Pero los comunarios de la isla vivían atemorizados porque tanto los “angelitos” como los detenidos políticos tenían un rasgo en común: un hambre lobuna; cuando desaparecían corderos y se registraban destrozos en los cultivos de papa, las quejas llegaban al gobernador.
Borda Leaño narró que había maquinado un método para calmar al demonio de la hambruna: extraía algunas papas y después colocaba, con gran habilidad, la planta en el mismo lugar, para que los comunarios no se percataran del hurto forzoso. “Una vez el gobernador nos dio una chocolateada (paliza o sesión extrema de ejercicio físico) en la cancha de fútbol, porque uno de los lugareños denunció un robo de papas”, contó.

EPÍLOGO DE LA FUGA

Pero los detenidos políticos no soportaban la vida rutinaria, el encierro entre esos muros de agua. “No había qué hacer.

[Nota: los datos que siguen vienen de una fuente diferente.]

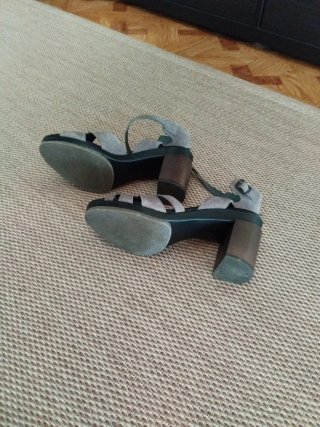 Sandalias de piel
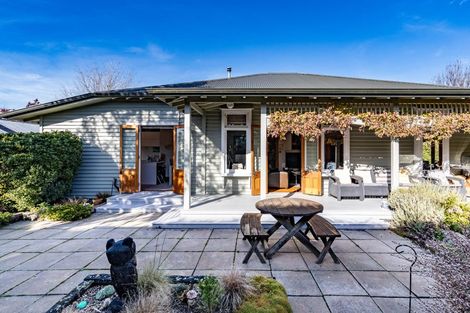 Photo of property in 150 High Street, Oxford, 7430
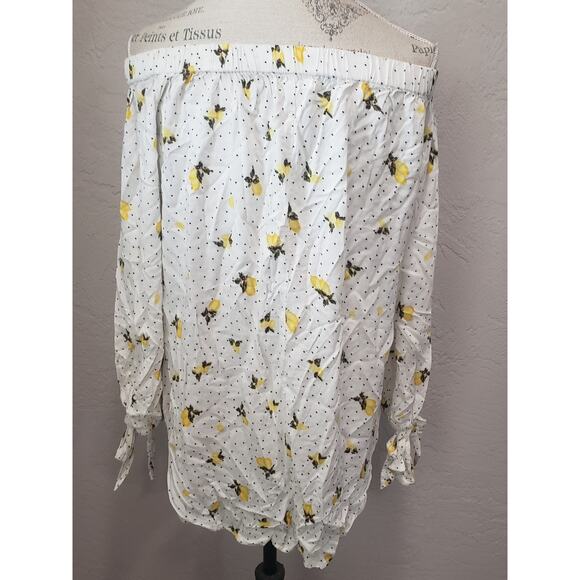 Truly 4 You Lemon Print Cold Shoulder High Low Long Sleeved Shirt | Size Medium - Picture 3 of 7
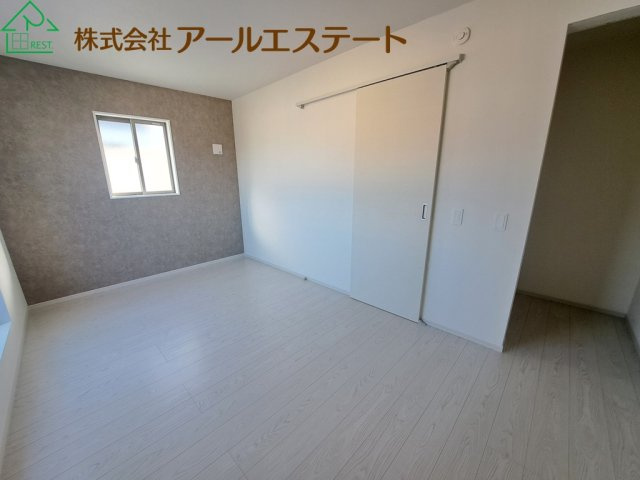 加古郡播磨町東本荘1丁目　　山陽電鉄「播磨町駅」徒歩2分の収納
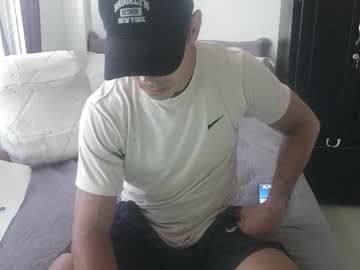 Mckanna Chaturbate stream image from August 28, 2025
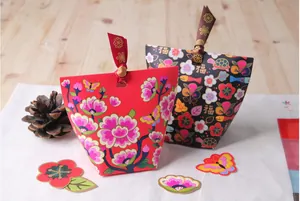 Detail von 15mm Geschenkboxen mit Bandgriffen und traditionellem Blumenmuster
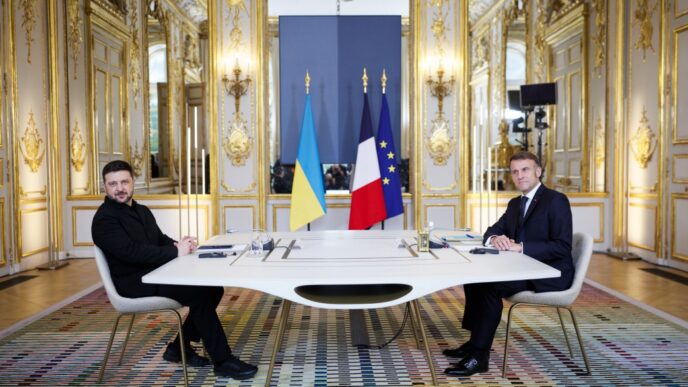 Президент України Володимир Зеленський та президент Франції Емманюель Макрон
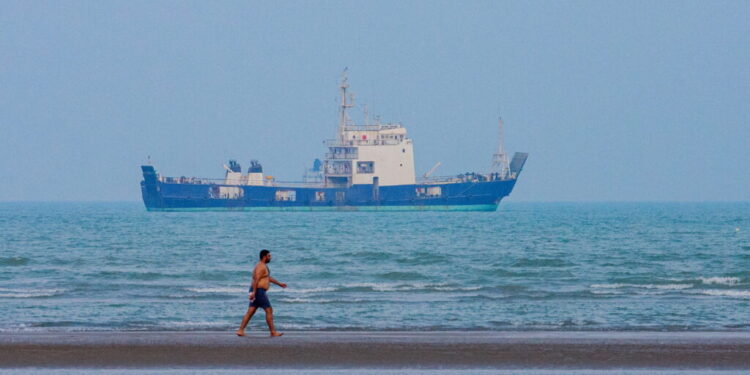 un-vas-cargo-cu-24-de-oameni-la-bord-s-a-scufundat-in-largul-indiei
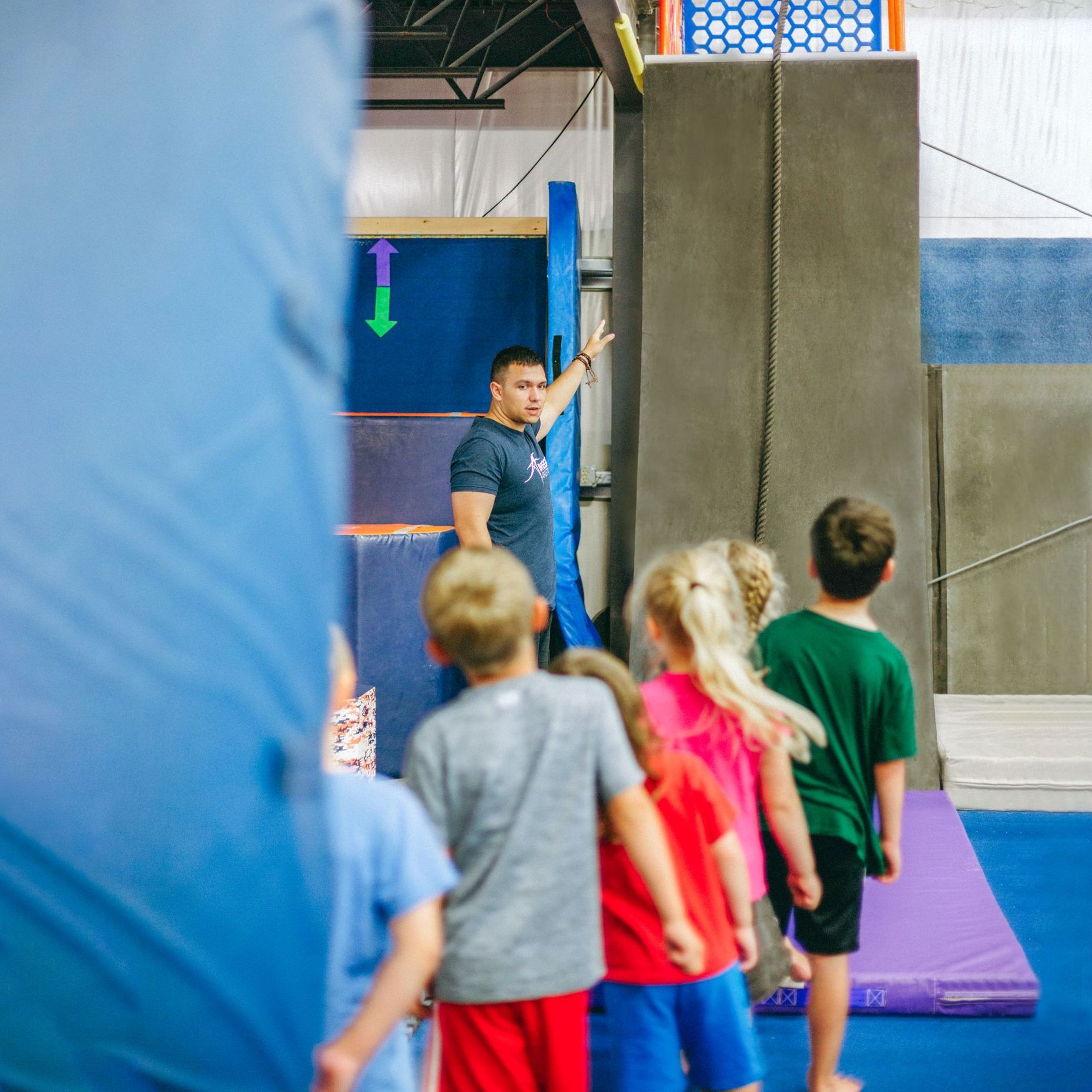 A group of children are standing next to each other in a gym.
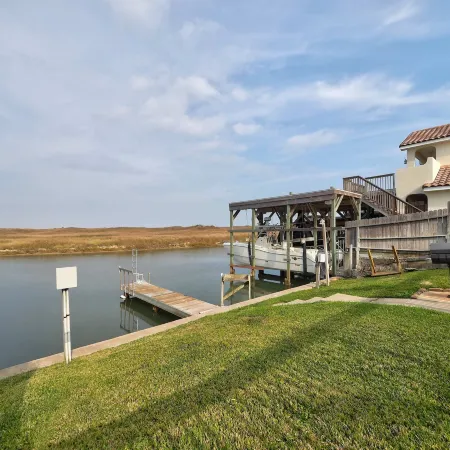 Waterfront Condo 1 Block to Beach Pool Access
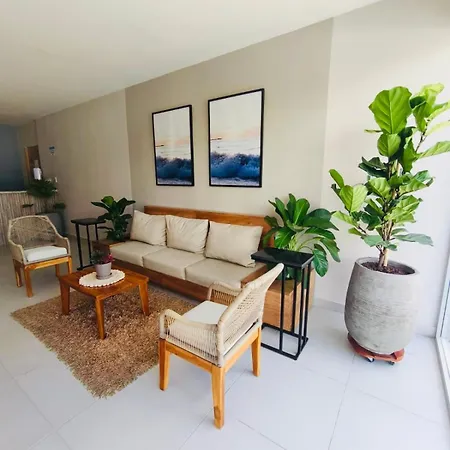 Apartamento Ivory Tide, Sea View, Pool & Coastal Calm *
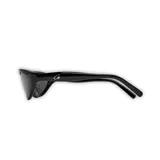 Lentes de sol negros con lentes polarizadas y montura envolvente de acetato pulido.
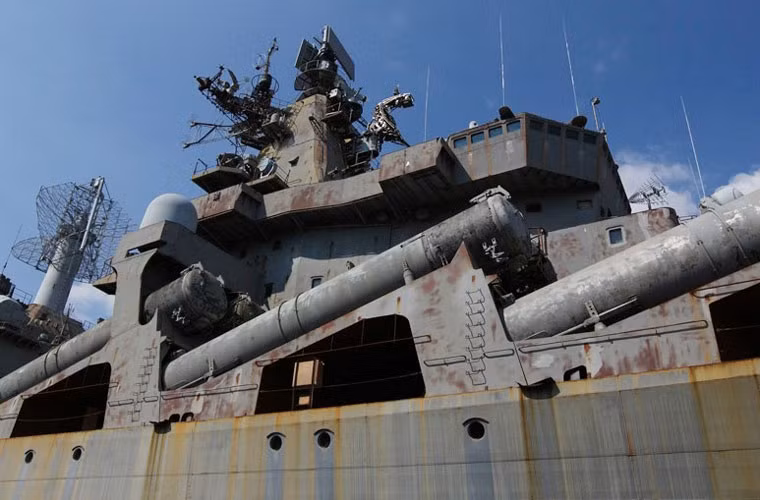 Cận cảnh ống phóng tên lửa hành trình P-500 Bazalt bám bẩn sau hàng chục năm không ai ngó ngàng.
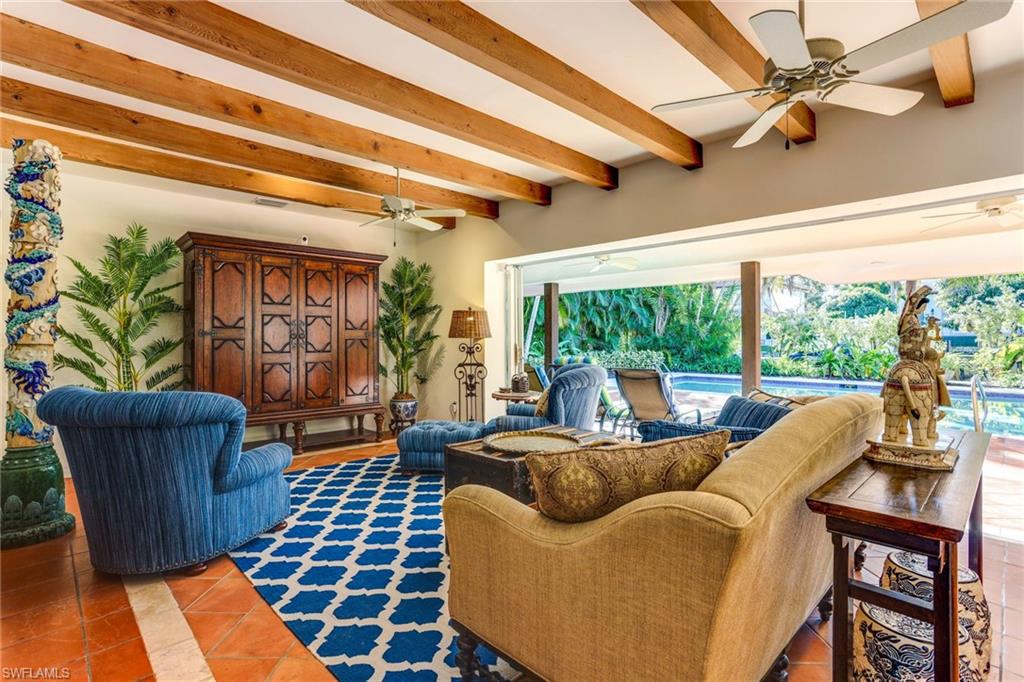 AQUALANE SHORES - Residential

Yo solía dar una vuelta completa a la isla en dos horas; iba a las ruinas, al otro lado; por las noches jugábamos cartas. Algunas veces me metía al lago y lavaba mi ropa”, evocó Borda Leaño.
En 1972, los detenidos estaban mejor organizados, puesto que formaron grupos para llevar a cabo actividades, por ejemplo, de cocina y limpieza; otros, en sus momentos libres, se entrenaban en la cancha de fútbol para ser titulares en una suerte de “selección de Coati”.

NI BIEN SE PISABA LA ISLA YA SE COMENZABA A DISEÑAR UN PLAN DE FUGA.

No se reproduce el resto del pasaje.